‘Understanding Philosophy Through Jokes’: Bit of a Joke

Book coverI bought a book lately called ‘Plato and Platypus Walk into a Bar: Understanding Philosophy Through Jokes’ by Thomas Cathcart and Daniel Klein. It’s quite a fun read, although as sympathetic to my evangelical convictions as you’d expect from two Harvard grads from New England. In spite of anticipating some light-hearted hostility, I was nevertheless a little surprised by the ‘Philosophy of Religion’ section. Not because it is surprisingly offensive — it isn’t — but more because it is surprisingly inaccurate.

Pascal’s Wager

The first quibble I had with the book had to do with Pascal’s Wager, about which I have written before (when Dawkins got it wrong). Cathcart and Klein say the following:

‘The seventeenth-century French mathematician and philosopher Blaise Pascal argued that deciding whether or not to believe in God is essentially a wager. If we choose to behave as if there is a God and we get to the end and it turns out there isn’t, it’s not such a big deal. Well, maybe we’ve lost the ability to thoroughly enjoy the Seven Deadly Sins, but that’s small potatoes compared to the alternative. If we bet there isn’t a God, and get to the end only to find out there is a God, we’ve lost the Big Enchilada, eternal bliss. Therefore, according to Pascal, it is a better strategy to live as if there is a God. This is known to academics as “Pascal’s Wager.” To the rest of us, it’s known as hedging your bets.’ (Pg 100)

Calling the idea represented above ‘Pascal’s Wager’ is a bit like calling Hamlet a book about whether or not to commit suicide. As I tried to point out in my post about Dawkins’ objection to it, Pascal’s Wager does have to do with betting on belief in God as the best strategy, but Pascal himself immediately warns that it is not possible to fake it, which brings him to the actual content of his wager.

God is not likely to be fooled by bet-hedging faith based entirely on greed. You have to throw in your lot wholeheartedly one way or another, and reason, says Pascal, has no solution to the problem of whether or not God and His promises are true. This is why Pascal’s discourse on the subject rather aims at urging people to experience the Christian life to see whether it is worth committing to. He is actually wagering that living as a Christian (as a sort of a trial period) — though it seems like a terrible life of restriction and sacrifice — will prove it to be the better bet even in the here and now, which removes a significant obstacle to wholehearted conversion. Perhaps the wager is more like trying to convince Cadillac drivers to buy an electric car (which promises to be rubbish but ends up being fantastic to drive, if only you’ll get behind the wheel).

Apples with Apples

My next issue with the book arose out of a Sam Harris quote, which is as follows:

‘Tell a devout Christian his wife is cheating on him, or a frozen yoghurt can make a man invisible, and he is likely to require as much evidence as anybody else, and to be persuaded only to the extent that you give it. Tell him that the book that he keeps by his bed was written by an invisible deity that will punish him by fire for eternity if he fails to accept its every incredible claim and he seems to require no evidence whatsoever.’ (Pg 99-100)

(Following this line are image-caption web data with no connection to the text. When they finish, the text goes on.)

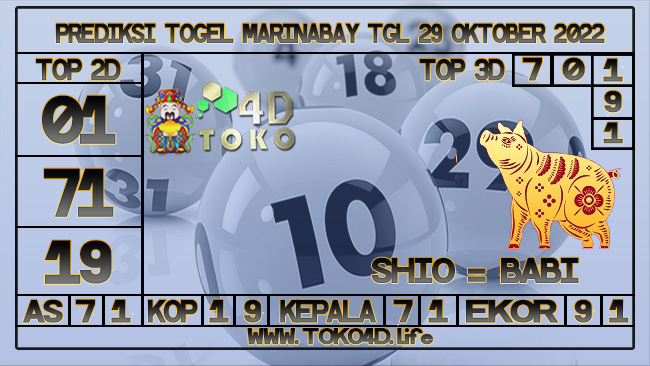 TOKO4D – PREDIKSI TOGEL MARINABAY 29 OKTOBER 2022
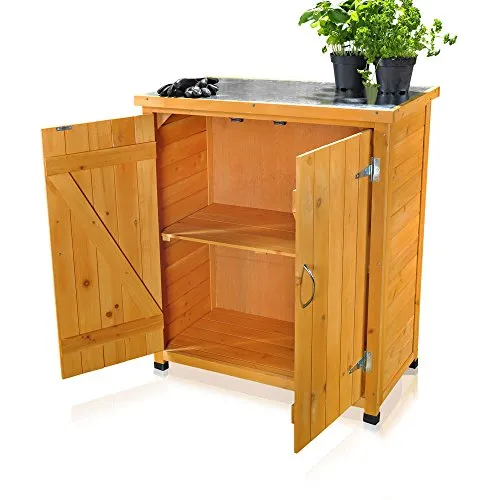 Melko Gartenschrank mit 2 Türen - Platzsparend & Wetterfest - Gartenhausschränke aus robustem Holz, ideal für die Aufbewahrung von Gartenwerkzeug. Wetterfest, stabil und kompakt (75 × 40 × 90 cm) für Terrasse, Balkon oder Garten.
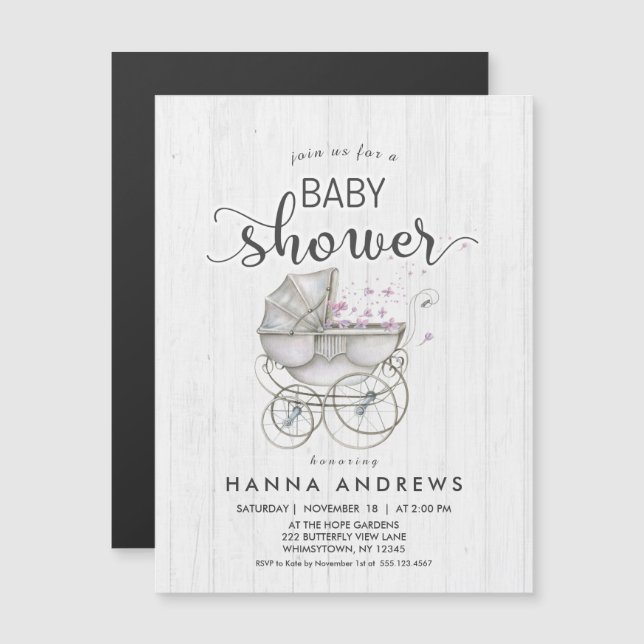 Magnética Invitación a Baby Shower del Chica de madera blanc (Anverso/Reverso)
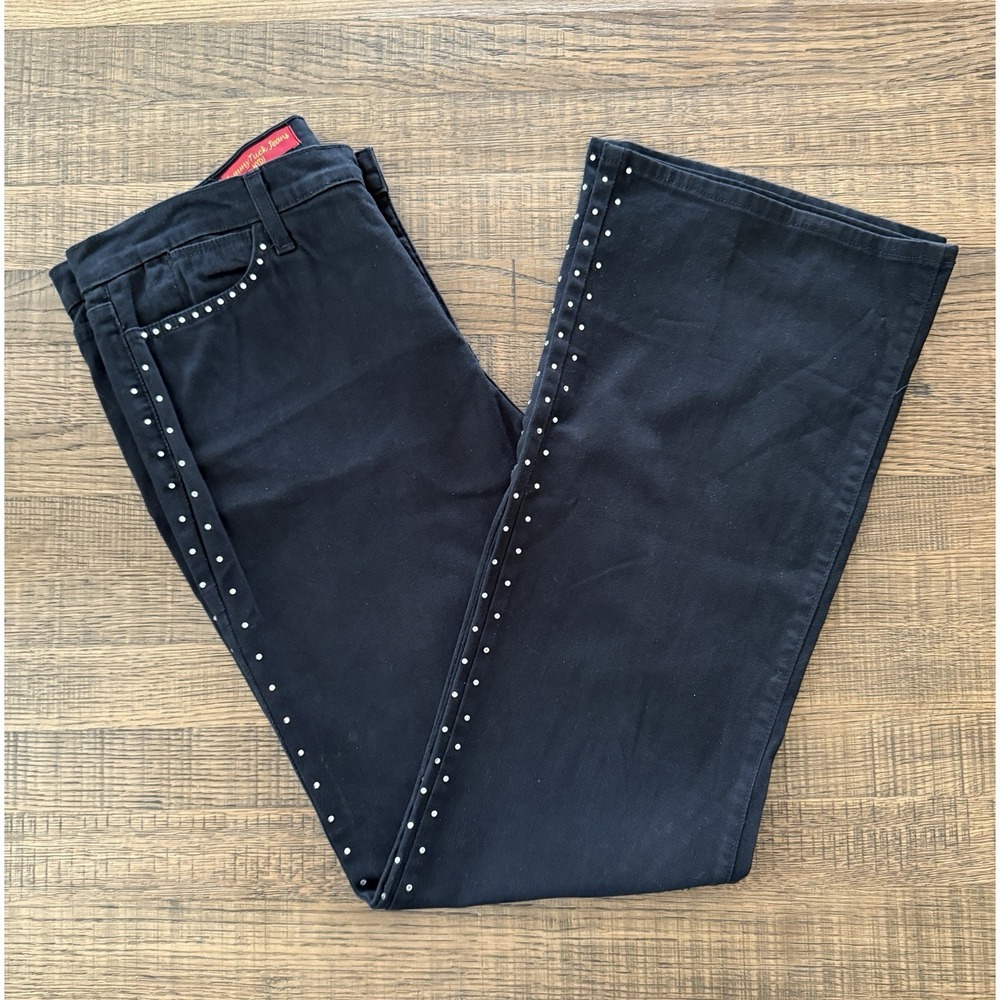 NYDJ Women's 14 Black Studded Bootcut Jeans Lift Tuck NWOT Snazzy Fun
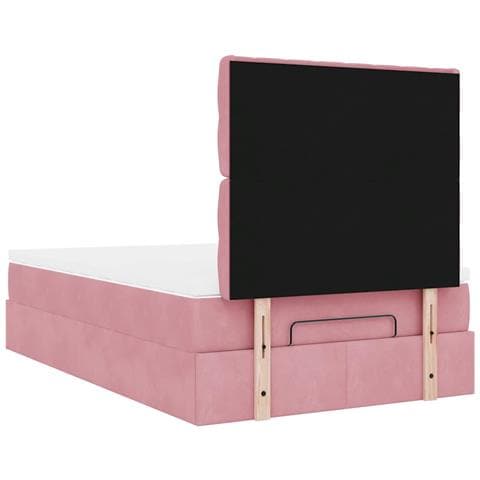 Struttura Letto Pouf con Materassi Rosa 120x190 cm Velluto - Foto 9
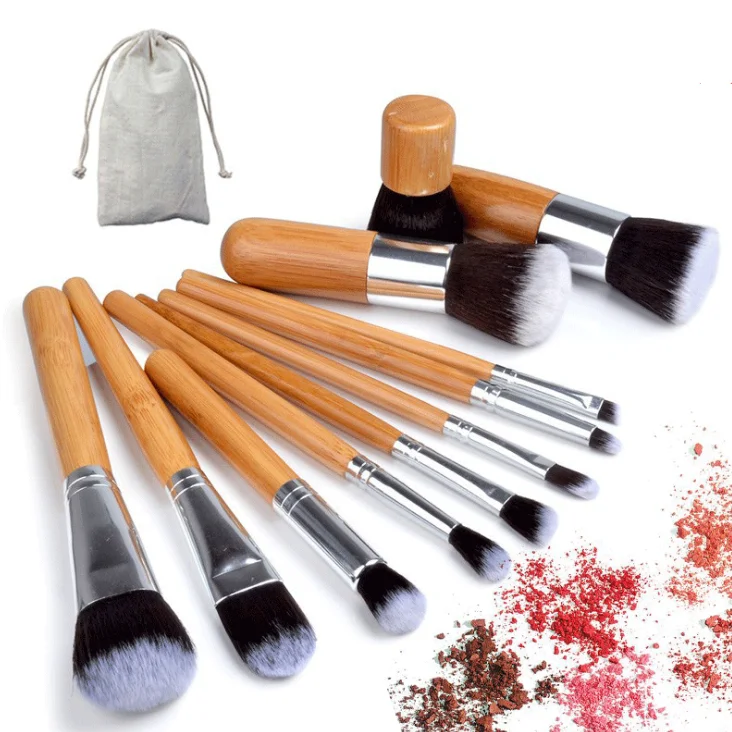 
Best Synthetic Smudge brushes Flat Brushes High quality bamboo makeup brush set 11pcs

Harris has made a living out of publishing clever jibes against religion for a popularist atheist movement, and I suppose (if I’m being generous) this quote is important to the extent that it captures the unfortunate mindlessness exhibited by some Christians. However, I think this quote is actually deeply unfair if applied to Christianity in general, and not on the grounds that some might give, i.e. that other Christian groups have abandoned the Bible’s ‘incredible claims’.

It is unfair because it obscures the fact that different types of belief require different types of evidence. Belief in superpowered dessert treats requires paradigm-shifting empirical evidence. Belief that my wife loves me probably requires some evidence (or at least absence of evidence to the contrary), but someĀ  non-evidential trust. The belief that I love my wife while we’re fighting requires still different ratios of evidence, trust and conviction on my part.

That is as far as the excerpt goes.